*SOURCE DATA*
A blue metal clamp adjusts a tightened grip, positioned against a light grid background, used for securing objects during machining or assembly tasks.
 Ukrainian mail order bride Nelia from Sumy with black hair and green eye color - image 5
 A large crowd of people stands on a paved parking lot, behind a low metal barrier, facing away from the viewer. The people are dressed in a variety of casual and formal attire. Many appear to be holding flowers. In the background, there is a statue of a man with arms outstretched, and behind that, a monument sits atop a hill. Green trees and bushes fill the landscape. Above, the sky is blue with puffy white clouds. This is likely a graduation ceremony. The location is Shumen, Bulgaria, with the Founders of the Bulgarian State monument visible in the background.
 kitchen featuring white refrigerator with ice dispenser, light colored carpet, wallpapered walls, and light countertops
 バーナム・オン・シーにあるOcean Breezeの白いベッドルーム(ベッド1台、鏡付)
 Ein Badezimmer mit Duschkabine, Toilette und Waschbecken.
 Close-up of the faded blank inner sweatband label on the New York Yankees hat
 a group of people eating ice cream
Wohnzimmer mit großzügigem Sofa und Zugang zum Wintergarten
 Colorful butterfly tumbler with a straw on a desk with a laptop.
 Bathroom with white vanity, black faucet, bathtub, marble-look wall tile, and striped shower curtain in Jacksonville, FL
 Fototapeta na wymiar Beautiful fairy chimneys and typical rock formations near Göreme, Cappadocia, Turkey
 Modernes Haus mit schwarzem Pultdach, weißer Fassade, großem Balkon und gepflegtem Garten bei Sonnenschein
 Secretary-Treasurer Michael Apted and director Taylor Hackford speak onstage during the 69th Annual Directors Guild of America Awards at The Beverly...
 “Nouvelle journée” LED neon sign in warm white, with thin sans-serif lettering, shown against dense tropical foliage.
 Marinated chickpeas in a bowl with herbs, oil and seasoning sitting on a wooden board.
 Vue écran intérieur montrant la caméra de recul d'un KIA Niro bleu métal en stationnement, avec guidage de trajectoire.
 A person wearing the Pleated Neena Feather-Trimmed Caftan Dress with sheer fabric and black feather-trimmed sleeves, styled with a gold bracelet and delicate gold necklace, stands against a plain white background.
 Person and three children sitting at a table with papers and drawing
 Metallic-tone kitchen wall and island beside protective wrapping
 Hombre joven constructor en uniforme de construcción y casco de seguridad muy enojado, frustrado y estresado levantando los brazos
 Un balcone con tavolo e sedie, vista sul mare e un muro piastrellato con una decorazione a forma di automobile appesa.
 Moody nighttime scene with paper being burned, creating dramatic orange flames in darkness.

*ABOUT THIS TASK*
In which lines of the material above does the string "from" occur? Copy them all.

*RESPONSE BOX*
 Ukrainian mail order bride Nelia from Sumy with black hair and green eye color - image 5
 A large crowd of people stands on a paved parking lot, behind a low metal barrier, facing away from the viewer. The people are dressed in a variety of casual and formal attire. Many appear to be holding flowers. In the background, there is a statue of a man with arms outstretched, and behind that, a monument sits atop a hill. Green trees and bushes fill the landscape. Above, the sky is blue with puffy white clouds. This is likely a graduation ceremony. The location is Shumen, Bulgaria, with the Founders of the Bulgarian State monument visible in the background.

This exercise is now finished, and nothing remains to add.